Dans son analyse juridique de la législation de la RDC sur le droit à la liberté de manifestation publique rendue publique ce vendredi 12 octobre, Amnesty International remet en cause le contenu de cette loi proposée par le député Delly Sesanga Himpung , pour non-respect des normes internationales relatives aux droits humains par la législation et les politiques nationales. Renvoyée par le chef de l’État Joseph Kabila au parlement pour seconde lecture, cette loi visant à fixer les mesures d’application de droit à la liberté de manifestations publiques (loi Sesanga) venait d’être passée au peigne fin par les experts de l’organisation de droits humains qui l’ont déclarée contraire à la constitution de la RDC.

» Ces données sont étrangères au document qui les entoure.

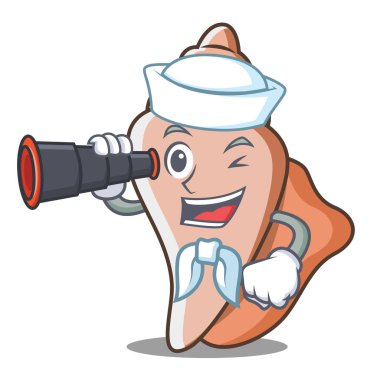 Denizci dürbün şirin kabuk karakter karikatür ile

Dans sa motivation, l’organisme accuse sans ambages cette loi de faire le lit de dirigeants actuels, qui jusqu’à ce jour continuent de soumettre les manifestations publiques à une autorisation préalable, violant ainsi l’article 221 de la constitution qui dispose que les textes législatifs et réglementaires en vigueur restent valables à condition qu’ils ne soient pas contraires à la nouvelle constitution. » Bien que présentée par celui qui en est à l’initiative comme une avancée importante visant à doter la RDC d’un cadre juridique approprié pour l’exercice du droit à la liberté de réunion pacifique, la proposition de loi Sesanga est loin de respecter le droit International et les normes y afférentes, ainsi que la constitution de la RDC elle-même  » peut-on lire dans la note d’Amnesty International.

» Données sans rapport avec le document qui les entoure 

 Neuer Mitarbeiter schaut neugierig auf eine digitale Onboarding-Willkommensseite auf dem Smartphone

Alors que tout régime de déclaration préalable, comme celui qui est prévu à l’article 26 de la constitution de la RDC a pour seul but de permettre aux autorités de faciliter l’exercice de ce droit et prendre de mesures nécessaires pour protéger la sécurité et l’ordre publics, la loi Sesanga par contre dans sa forme actuelle ne ferait qu’officialiser les violations de ce droit. Tenez par exemple, cette loi prévoit l’invalidité de la déclaration préalable si les organisateurs d’une manifestation pacifique ne satisfont pas aux conditions fixées à l’article 10 (fournir les identités, l’adresse, le téléphone ou le mail des organisateurs) d’une part, et d’autre part les organisateurs risquent de lourdes peines s’ils ne se conforment pas à ces conditions purement administratives. Or la RDC en tant que signataire des accords et traités internationaux dont le pacte international relatif aux droits civils et politiques (PIDCP) et la charte africaine des droits de l’homme et des peuples (CADHP), l’article 215 de la constitution prévoit que les traités et accords internationaux régulièrement conclus ont, dès leur publication, une autorité supérieure à celle des lois nationales.

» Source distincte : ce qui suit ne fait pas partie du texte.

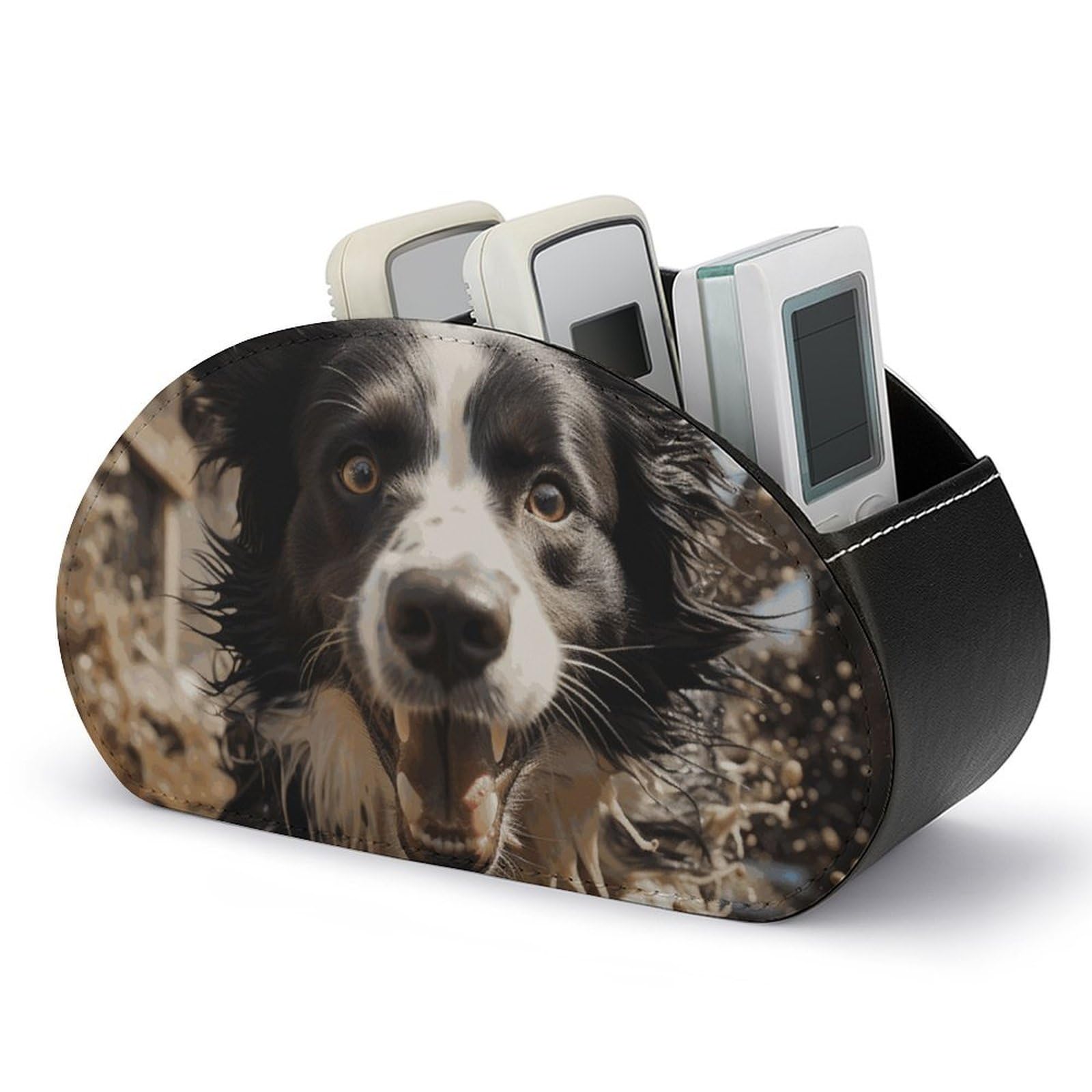DWVTSLH Pastor Border Collie Remote Control Holder with 5 Compartments - PU Leather TV Remote Holder Remote Caddy Desktop Organizer Makeup Brush Holder, Remote Storage Box for Home Office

En voulant responsabiliser les organisateurs de manifestations publiques en cas de débordement, la loi Sesanga n’est pas conforme aussi à cet égard aux normes internationales qui veulent que « nul ne devrait être tenu responsable pénalement, civilement ou administrativement pour le simple fait d’organiser un mouvement de protestation pacifique ou d’y participer » comme l’indique la CADHP : « les rassemblements ne sont pas régis par des dispositions pénales autres que les clauses d’application générale du code pénal….La responsabilité est personnelle. Ni les organisateurs d’un rassemblement public, ni leurs partisans ne sauraient faire l’objet d’aucune sanction pour des actes commis par d’autres« .

Voilà pourquoi pour toutes ces anomalies, Amnesty International recommande à la RDC d’intégrer à sa législation nationale les principes et les règles établis par les organes internationaux, tels que la CADHP, en mettant en place des lois et des politiques exhaustives sur le maintien de l’ordre et le recours à la force lors de rassemblement. En attendant, la loi Sesanga risque d’être une mort-née, si elle n’est pas en conformité avec les dispositions pertinentes des traités et accords internationaux. D’ailleurs, depuis 2015 qu’elle a été renvoyée pour seconde lecture, elle a été mise au tiroir.